◆ **Description of the task**: Repeat back every line of the data, exactly.

[Opening Available records section]

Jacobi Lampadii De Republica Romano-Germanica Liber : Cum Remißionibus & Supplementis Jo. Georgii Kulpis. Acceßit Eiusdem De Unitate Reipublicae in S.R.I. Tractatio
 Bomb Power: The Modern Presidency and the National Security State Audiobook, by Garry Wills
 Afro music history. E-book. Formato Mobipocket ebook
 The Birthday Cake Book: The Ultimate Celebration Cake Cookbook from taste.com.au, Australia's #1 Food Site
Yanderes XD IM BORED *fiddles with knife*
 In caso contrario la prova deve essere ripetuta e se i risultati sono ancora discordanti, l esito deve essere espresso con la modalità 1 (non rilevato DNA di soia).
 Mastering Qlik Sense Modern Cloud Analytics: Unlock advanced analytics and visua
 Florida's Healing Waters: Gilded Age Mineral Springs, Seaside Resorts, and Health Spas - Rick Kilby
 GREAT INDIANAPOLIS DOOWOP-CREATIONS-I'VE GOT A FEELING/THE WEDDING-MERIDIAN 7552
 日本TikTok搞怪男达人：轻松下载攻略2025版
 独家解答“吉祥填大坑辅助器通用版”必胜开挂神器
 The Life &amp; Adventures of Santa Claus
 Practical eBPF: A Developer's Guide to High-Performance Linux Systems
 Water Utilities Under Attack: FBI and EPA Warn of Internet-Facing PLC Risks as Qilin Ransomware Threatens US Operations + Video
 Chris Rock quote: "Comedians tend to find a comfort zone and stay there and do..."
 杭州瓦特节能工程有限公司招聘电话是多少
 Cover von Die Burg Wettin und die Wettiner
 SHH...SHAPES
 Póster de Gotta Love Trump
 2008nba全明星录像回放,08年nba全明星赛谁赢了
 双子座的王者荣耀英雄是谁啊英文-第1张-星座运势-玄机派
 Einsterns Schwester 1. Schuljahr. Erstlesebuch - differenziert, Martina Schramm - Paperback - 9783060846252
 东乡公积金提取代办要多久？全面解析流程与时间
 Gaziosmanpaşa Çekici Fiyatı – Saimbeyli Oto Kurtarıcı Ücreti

[Closing Available records section]

◆ **Result for this exercise**:
Jacobi Lampadii De Republica Romano-Germanica Liber : Cum Remißionibus & Supplementis Jo. Georgii Kulpis. Acceßit Eiusdem De Unitate Reipublicae in S.R.I. Tractatio
 Bomb Power: The Modern Presidency and the National Security State Audiobook, by Garry Wills
 Afro music history. E-book. Formato Mobipocket ebook
 The Birthday Cake Book: The Ultimate Celebration Cake Cookbook from taste.com.au, Australia's #1 Food Site
Yanderes XD IM BORED *fiddles with knife*
 In caso contrario la prova deve essere ripetuta e se i risultati sono ancora discordanti, l esito deve essere espresso con la modalità 1 (non rilevato DNA di soia).
 Mastering Qlik Sense Modern Cloud Analytics: Unlock advanced analytics and visua
 Florida's Healing Waters: Gilded Age Mineral Springs, Seaside Resorts, and Health Spas - Rick Kilby
 GREAT INDIANAPOLIS DOOWOP-CREATIONS-I'VE GOT A FEELING/THE WEDDING-MERIDIAN 7552
 日本TikTok搞怪男达人：轻松下载攻略2025版
 独家解答“吉祥填大坑辅助器通用版”必胜开挂神器
 The Life &amp; Adventures of Santa Claus
 Practical eBPF: A Developer's Guide to High-Performance Linux Systems
 Water Utilities Under Attack: FBI and EPA Warn of Internet-Facing PLC Risks as Qilin Ransomware Threatens US Operations + Video
 Chris Rock quote: "Comedians tend to find a comfort zone and stay there and do..."
 杭州瓦特节能工程有限公司招聘电话是多少
 Cover von Die Burg Wettin und die Wettiner
 SHH...SHAPES
 Póster de Gotta Love Trump
 2008nba全明星录像回放,08年nba全明星赛谁赢了
 双子座的王者荣耀英雄是谁啊英文-第1张-星座运势-玄机派
 Einsterns Schwester 1. Schuljahr. Erstlesebuch - differenziert, Martina Schramm - Paperback - 9783060846252
 东乡公积金提取代办要多久？全面解析流程与时间
 Gaziosmanpaşa Çekici Fiyatı – Saimbeyli Oto Kurtarıcı Ücreti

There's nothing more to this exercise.